For doctors to learn more about people’s risk of disease, they sometimes need willing participants for clinical trials, which can be essential for making discoveries.

One of those clinical studies, which is being performed right in Hagerstown, is now going 30 years strong. It’s called the ARIC Study, short for Atherosclerosis Risk in Communities, and it focuses on this disease that hardens and narrows the arteries, the usual cause of heart attacks and strokes.

Sponsored by the National Heart, Lung and Blood Institute, the study began in 1987, and the data has become an important resource in the study of diabetes and kidney disease, and will soon expand to examine dementia and cancer, as well.
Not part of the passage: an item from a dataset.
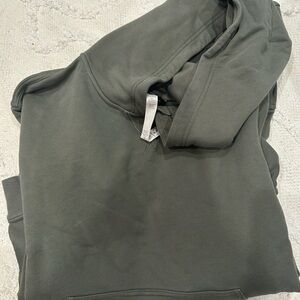 Lululemon Athletica Charcoal Hoodie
More than 4,000 people in Washington County volunteered to participate, and have stuck with the study for three decades. On Thursday, several of them stopped by Johns Hopkins University’s George Comstock Center for Public Health Research and Prevention to see what goes on behind the scenes in the exam rooms and laboratories.

“The neat thing is that the participants, because they are now age 75 to 95, they’re still coming in for a five, six-hour examination,” said Dr. Josef Coresh, the principal investigator in the study. “These are people who have survived, people with incredible knowledge about the world – and we gain knowledge about their health.”

“I feel so privileged to be a part of a study that can help future generations,” added Margaret Pontzer, a Hagerstown resident and a volunteer participant.

Dr. Coresh explained that over the course of the study, obesity has become the biggest challenge to a healthy lifestyle – from a combination of a rise in unhealthy food choices, as well as lower physical activity.